Keywords: Single-image Depth Prediction, CNN.
Abstract: With the recent surge of deep neural networks, depth prediction from a single image has seen substantial
progress. Deep regression networks are typically learned from large data without much constraints about the
scene structure, thus often leading to uncertainties at discontinuous regions. In this paper, we propose a
structure-aware depth prediction method based on two observations: depth is relatively smooth within the
same objects, and it is usually easier to model relative depth than model the absolute depth from scratch.
Our network first predicts an initial depth map and takes an object saliency map as input, which helps to
teach the network to learn depth refinement. Specifically, a stable anchor depth is first estimated from the
detected salient objects, and the learning objective is to penalize the difference in relative depth versus the
estimated anchor. We show such saliency-guided relative depth constraint unveils helpful scene structures,
leading to significant gains on the RGB-D saliency dataset NLPR and depth prediction dataset NYU V2.
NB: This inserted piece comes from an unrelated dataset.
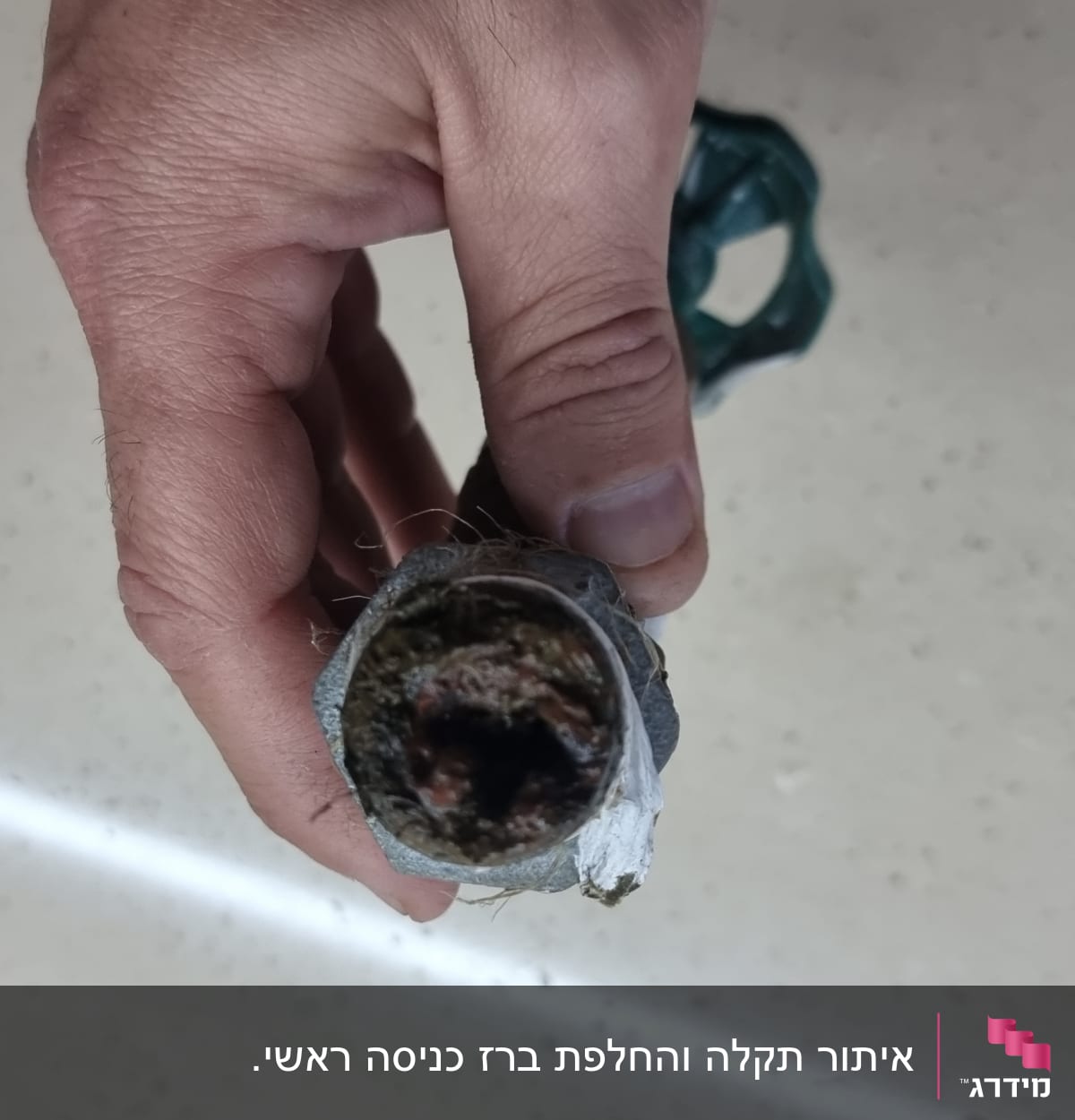 יד מחזיקה צינור סתום עם לכלוך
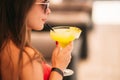 Beautiful young woman wearing swimsuit drinking a colorful cocktail sitting on a cabin of the beach club bar. Stunning Royalty Free Stock Photo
Furthermore, our method is appealing in that it is pluggable to any depth network and is trained end-to-end
with no overhead of time during testing.
1 INTRODUCTION
Depth prediction plays an essential role in
understanding the 3D geometry of a scene. It has
been shown that depth information can largely
facilitate other vision tasks such as reconstruction
(Silberman et al. 2012), recognition (Fox 2012) and
semantic segmentation (Cheng et al. 2017). Stereo
images (Kong and Black 2016) or image sequence
(Suwajanakorn, Hernandez, and Seitz 2015) usually
suffice for accurate depth prediction. While for
single-view depth prediction, it is an ill-posed
problem due to the lack of geometric information.
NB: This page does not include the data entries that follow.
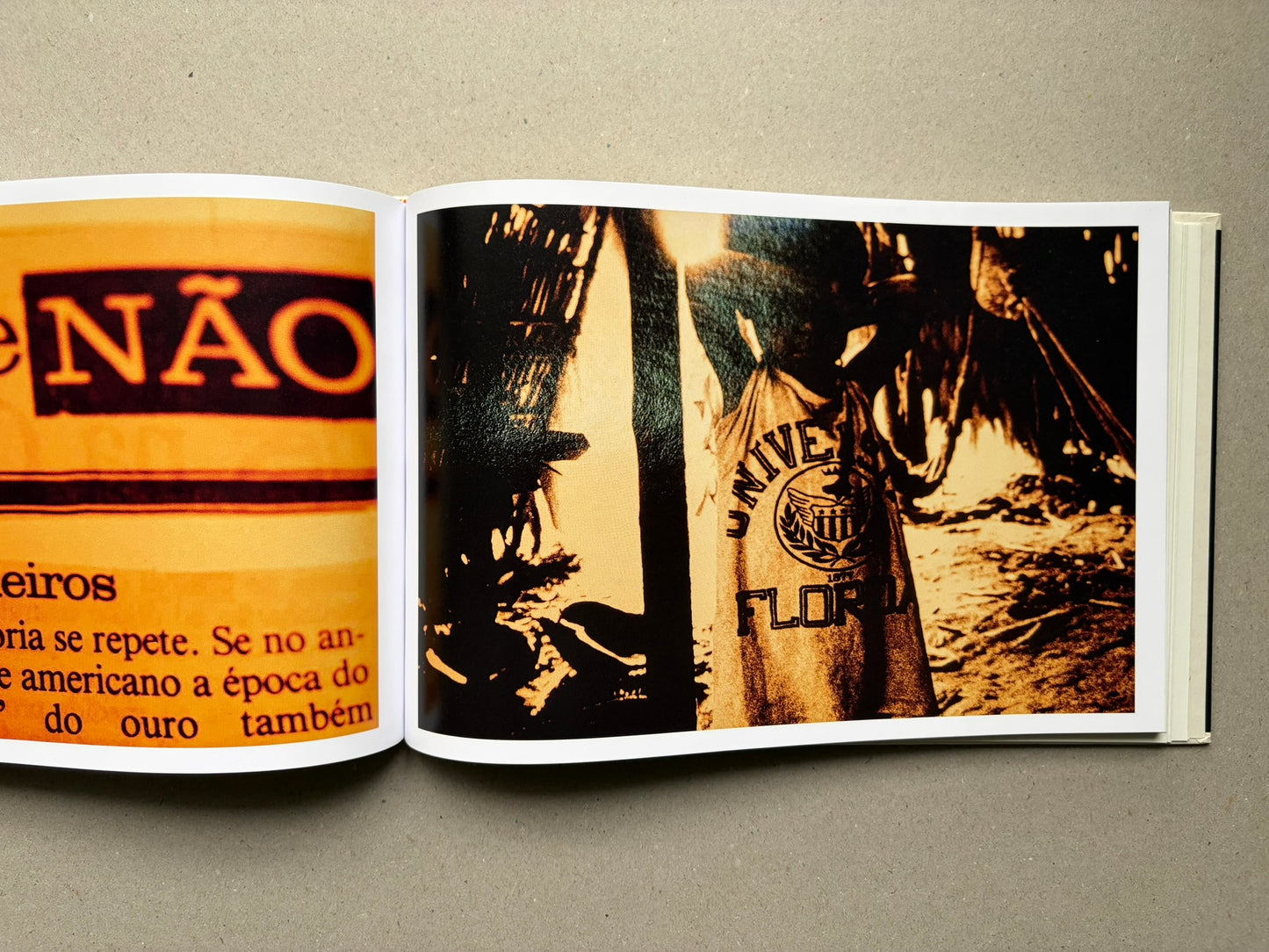 Genocídio do Yanomami by Claudia Andujar, interior spread with large black text and orange overprint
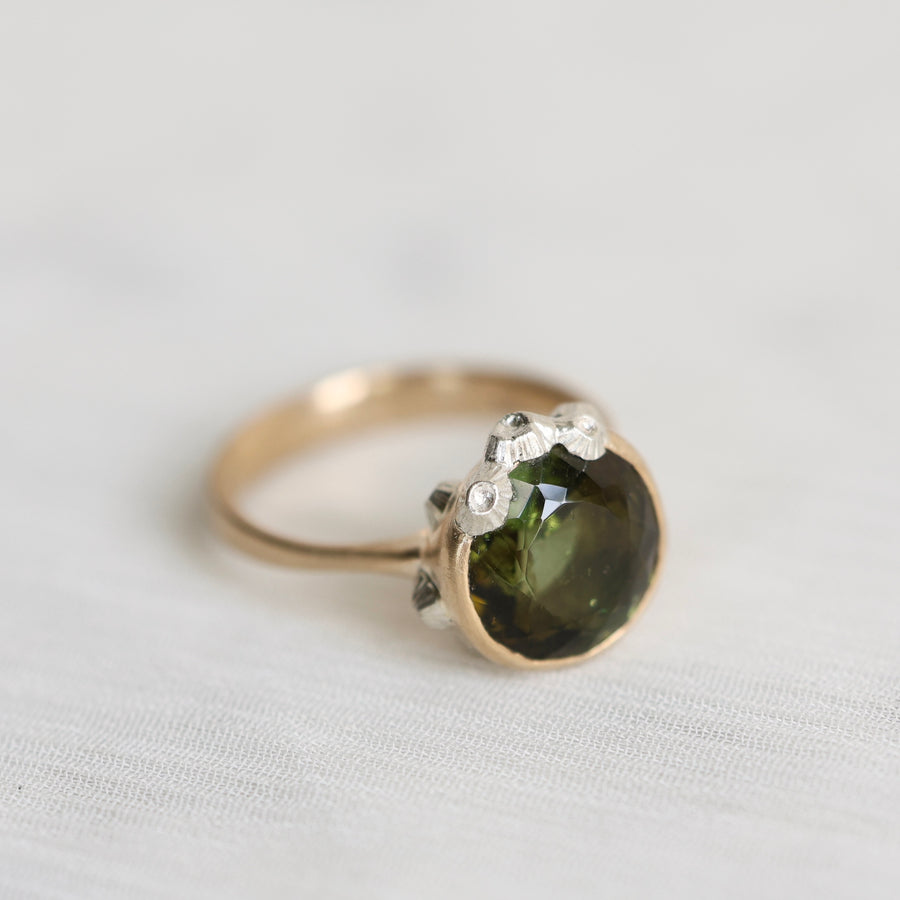 Gold ring with a green gemstone on a light gray background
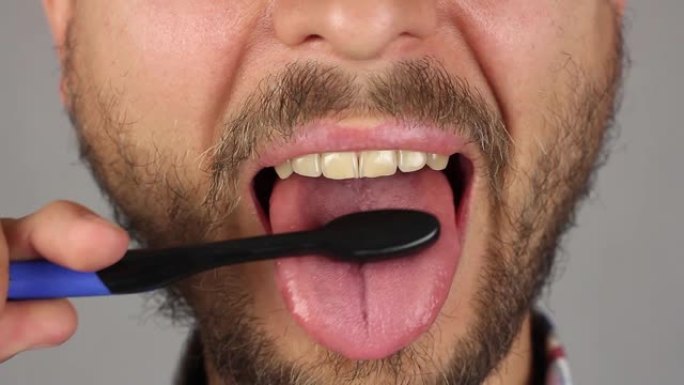 留着胡须和小胡子的男人用黑色牙刷彻底刷舌头，前视图，按摩和清洁牙菌斑，特写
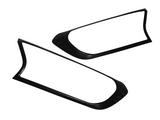 Two black, elongated plastic frames with rounded edges, possibly for vehicle lights, lay on a white background. Each frame features minor indents near one end, adding subtle detailing.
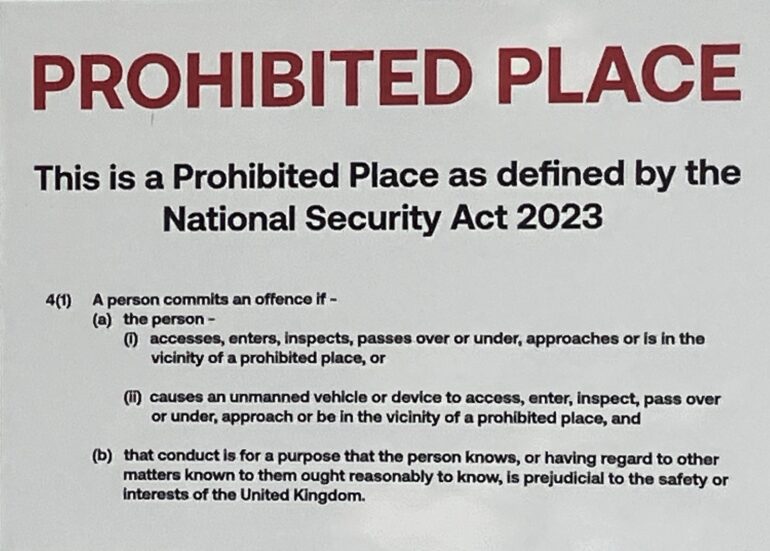 Image is of sign outside Elbit Systems in Bristol that reads Prohibited Place. This is a Prohibited Place as defined by the National Security Act 2023 and then has details of the legislation.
Ambiguities or uncertainties often happen at those
discontinuous regions between objects.
In this paper, we propose a structure-aware
depth prediction method based on two observations:
1) depth is relatively smooth within the same objects
when compared to within the full image; 2) and it is
often easier to model relative depth than model the
absolute depth value.
We incorporate such observations by learning
to refine depth map with the guidance of object
saliency (we use the saliency detector (Tong et al.
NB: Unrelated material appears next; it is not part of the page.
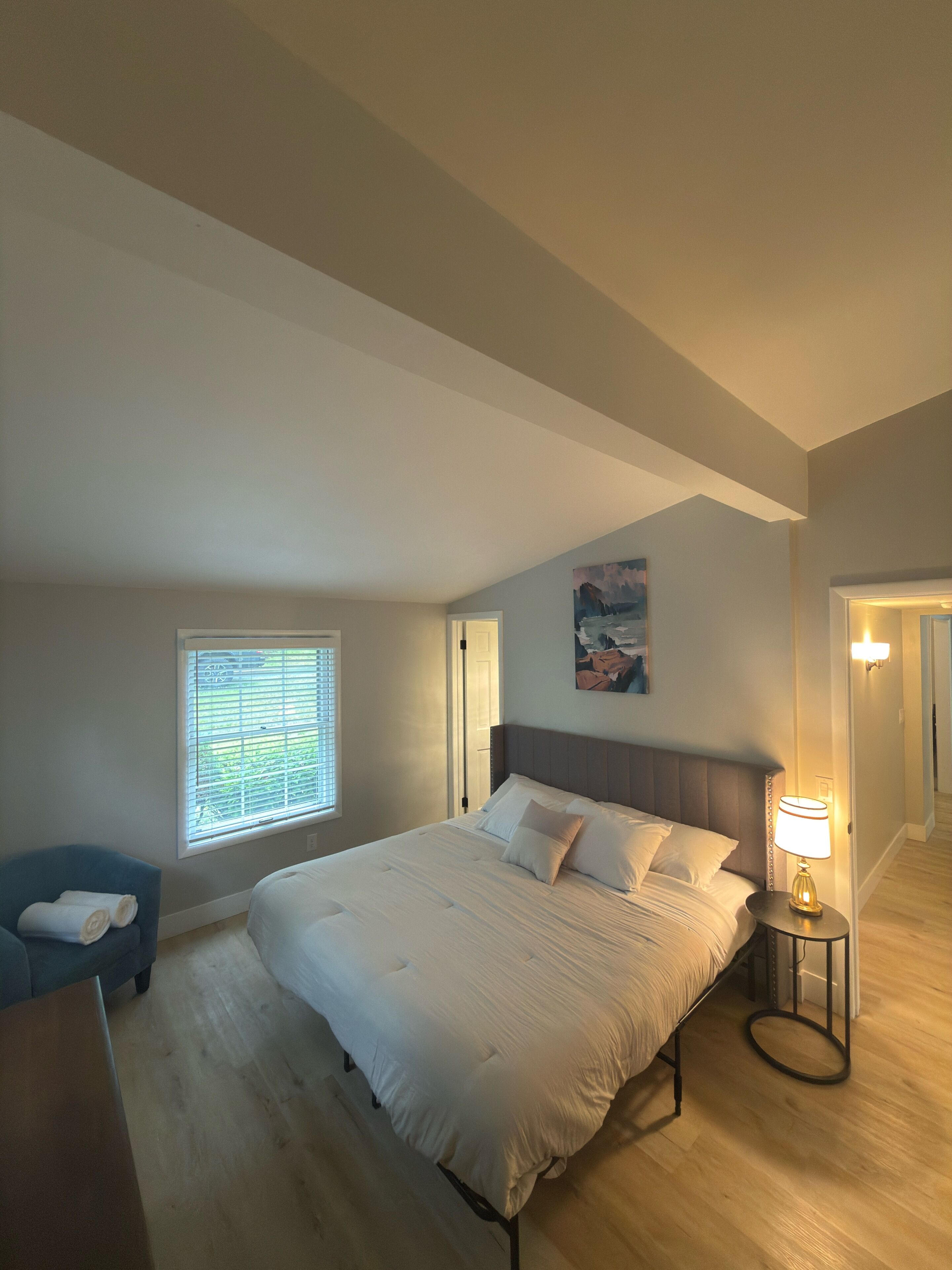 Une chambre avec un grand lit, une table de chevet avec une lampe, une fenêtre avec des stores, une chaise bleue et un tableau au mur.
2015)). Generally, the saliency map of objects is a
simple way to reveal the scene structure in terms of
objects. Saliency map is also class-agnostic, thus can
cover a broad range of objects each with spatially
smooth depth values within its contour. As a result,
we are able to first estimate an anchor depth value of
the whole scene, from an initial depth map
reweighted by object saliency. Since almost all
object regions have small variance in depth values,
such anchor depth estimation can act as a reliable
reference. Then we take the anchor depth for depth
refinements of entire image in a relative way.
Previously (Chen et al. 2016) explored relative depth
estimation, but both their depth ground truth and
prediction are just ordinal, not real depth values.
Here we design a relative depth loss for our network
to learn the genuine relative depth of other pixels
versus the estimated anchor depth, and penalize the
deviation to correct relative depth.
Fig. 1 demonstrates our overall learning
framework. During training, we propose two
formulations of relative depth constraints to
supervise the depth refinement process. At test time,
such finetuned network is simply applied for depth
prediction without any overhead. Obviously, our
method is pluggable to any depth network and can
be easily trained end-to-end. We show our saliency-
guided depth model does learn some scene structures,
leading to significant gains on the RGB-D saliency
dataset NLPR and depth prediction dataset NYU V2.